CALIFORNIA STUFF….Here in California we’re not just voting for presidential candidates on Tuesday. We’re also voting on a couple of initiatives. So what do I think of them?

From my point of view, there’s an easy one and a hard one. The easy one is Prop 93, which changes our term limits law. Currently, you’re limited to 14 years: three terms (6 years) in the assembly and two terms (8 years) in the senate. The problem with this is that a limit of three terms in the assembly, for example, means that the Speaker of the Assembly never has more than four years of experience before taking over the top spot. This is dumb. The point of a term limits law should be to prevent people from making careers out of a single political office, not doing away with experience altogether.

The new law is simpler: it limits service to 12 years total, in either house. This is how I would have written the law in the first place, and it’s a good compromise between limiting legislative service while still allowing politicians to gain enough experience to know how to run things. This is one of those rare initiatives I’m in favor of.

The harder one is Props 94-97, a series of identical referendums that allows an expansion of slot machine gaming by four California Indian tribes. Basically, though, I don’t have a problem with it. The governor negotiated the deal, the legislature approved it, it would bring in a fair amount of new revenue to the state, and the opposition comes primarily from (a) other gaming interests who don’t want increased competition (Nevada casinos, other tribes, and horse racing interests) and (b) the teachers union, which is unhappy that the additional revenues aren’t specifically earmarked for education. Since I don’t care about increased competition, and I’m actively opposed to earmarking revenue via initiative, their opposition doesn’t carry much water with me. There’s also some opposition from unions, who are unhappy that the tribes refused to accept their collective bargaining terms in the new compacts.

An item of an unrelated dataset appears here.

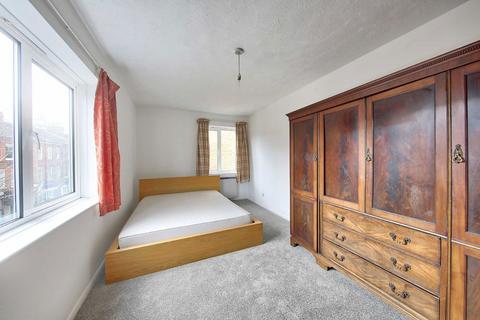 undefined, Cairngorm Close, Teddington TW11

But I’m fundamentally in favor of letting the legislature and the governor run the state (which is one of the reasons I default to No on most initiatives), and none of the opposing arguments seems quite strong enough to override the deal as approved by the legislature. Unless I hear something more persuasive in the next few days, I’m inclined to go ahead and vote Yes.

There are also a couple of bond measures on the ballot. On those, I have no particular opinion.

UPDATE: Props 91 and 92 aren’t bond measures. Sorry about that. I wasn’t paying attention. From SteveK in comments:

Prop 91, the transportation initative has been made obsolete by statute. No one, not even the people that qualified it for the ballot, is supporting it.

Prop 92, the community college constitutional ammendment, makes some sense, and remedies historical funding gaps for the CCs, but is just too damn expensive. And it’s one of those crappy initiatives that locks funding percentages in the constitution.